14. Perseteruan: Bukan Kali Pertama

"Derara! Kenapa kau melakukan sesuatu yang tidak bisa kau tangani, hah?! Aku sudah bilang, segera tutup kasusnya. Kau justru menyelidiki tanpa izinku dan lihatlah, aish, korban lain telah jatuh."

"Makanya kita harus menginvestigasi ulang, Pak. Graciana tidak bunuh diri, sebagaimana tewasnya Chausila. Atau anda ingin menutup kasus Chausila juga? Menganggap anak itu bunuh diri dengan menusuk tubuhnya dengan jari-jari sepedanya sendiri?" Pakailah otakmu! lanjut Sasan dalam hati, belum berani mengungkapkannya terang-terangan.

Beliau memijat pelipisnya. "Aku sudah menerima laporannya. Terdapat tanda V di lehernya yang berarti penyebab kematian adalah tercekik hingga tulang hyoidnya patah. Apalagi di TKP (ruang OSIS) ditemukan tali karmantel dengan simpul hangman's knot. Hal itu sudah menjelaskan jika Chausila gantung diri."

[Note: Tanda V atau bekas jeratan, jejak di kulit karena tekanan dari tali. Hangmans knot; simpul gantung.]

Apa? Sasan menatap tidak percaya atasannya yang sangat pandai menulis cerita detektif. "INSPEKTUR! Tidak ada mayat yang bisa menindik tubuhnya sendiri dengan jari-jari sepeda. Anda serius berpikir Chausila bunuh diri?"

"AKU TAHU! KAU PIKIR AKU BODOH?!"

"Lalu kenapa, Inspektur?!" desak Sasan.

"Jika kau terus bergerak agresif seperti ini, anak-anak itu bisa dalam bahaya. Karena ini bukan kali pertama terjadi pembunuhan di SMA Kitare Hatsejena."

Tubuh Sasan seketika membeku. "Apa... maksud anda, Pak?
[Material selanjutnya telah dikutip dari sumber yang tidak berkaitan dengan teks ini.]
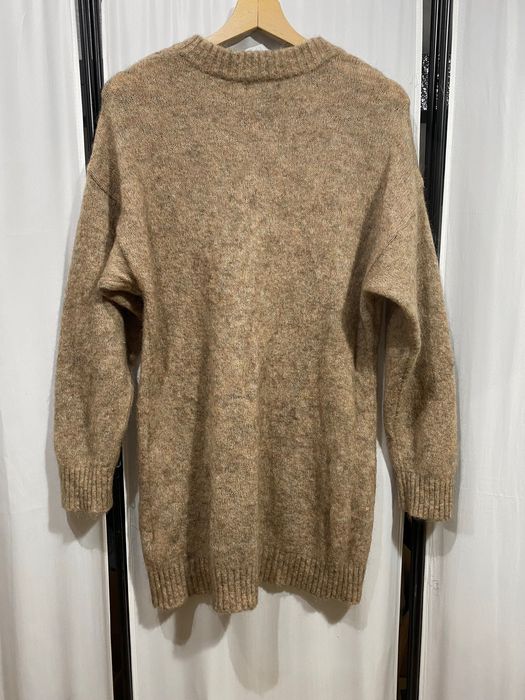 Пуловер от мохерна смес H&M в цвят тъмен камел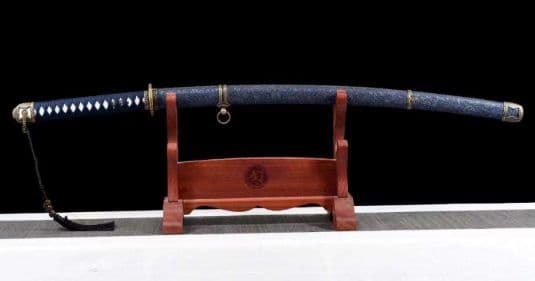 九八軍刀【藍】   居合刀  模造刀  模擬刀  武蔵  一本  抜刀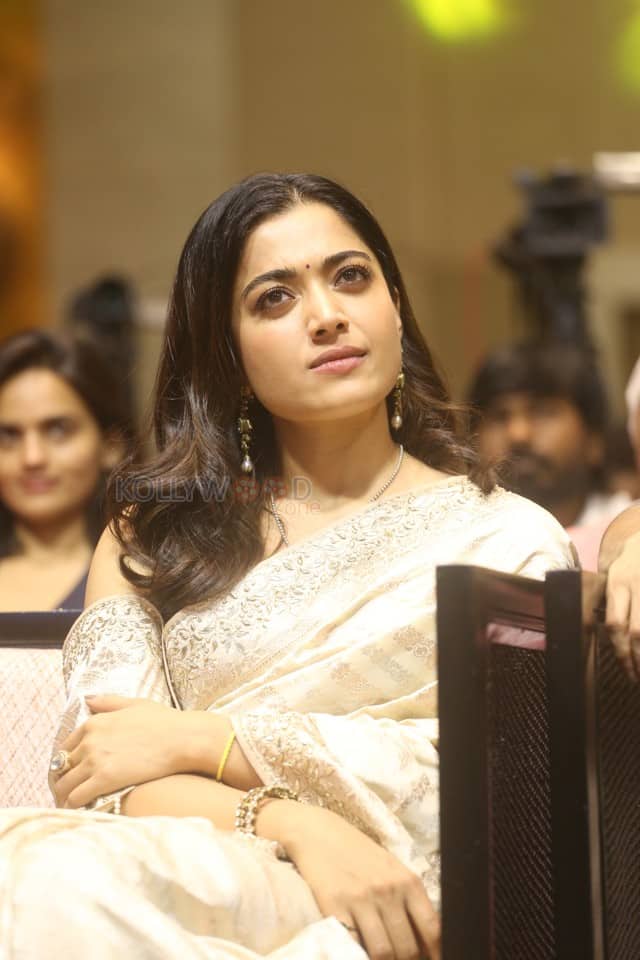 Heroine Rashmika Mandanna at Kuberaa Movie Success Meet Pictures 09
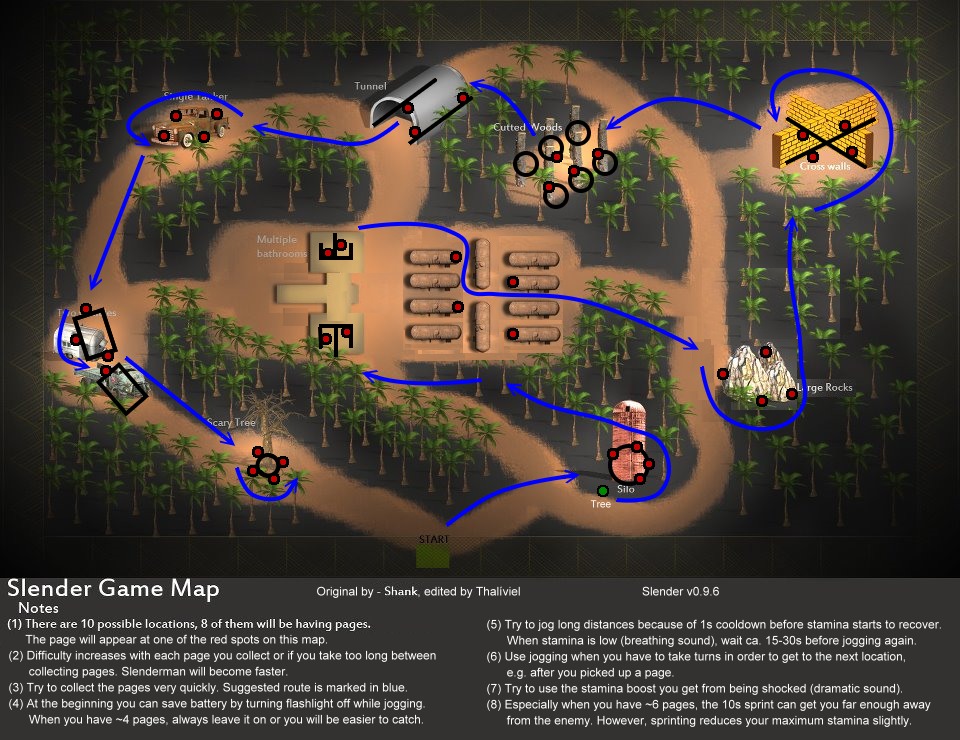 Slenderman 8 Pages Map Slender | The Slender Man Wiki | Fandom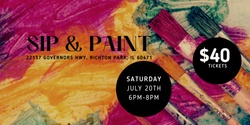 Banner image for Summer Sip & Paint!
Jangan bilang—"

*

Klik. Klik. Klik. Klik! Klik! Klik!
KLIK! KLIK! KLIK! KLIK!

"Sudahlah, Hanya... Kau sudah mencarinya 24 jam lebih. Tidak ada yang berubah dari cctvnya." Cielo merasa tidak tega karena cowok itu terus memelototi layar laptop, memeriksa tiap detik, tiap menit, rekaman 31 Mei, tanggal kematian Sila.

Pasti ada... Pasti ada yang luput oleh Hanya. Dia akan menemukan sesuatu! Seperti sosok mencurigakan yang masuk ke ruang OSIS atau siapa lah. Masa pelaku sejeli itu menghindari titik buta cctv?! Ayolah, cctv, berikan petunjuk.

Aku mengembuskan napas panjang, menoleh ke Abigail yang dihibur oleh Aga. Sebenarnya Aga juga butuh dihibur, namun aku dan yang lain tak bertenaga. Bahkan untuk menangis... Ah, sudahlah.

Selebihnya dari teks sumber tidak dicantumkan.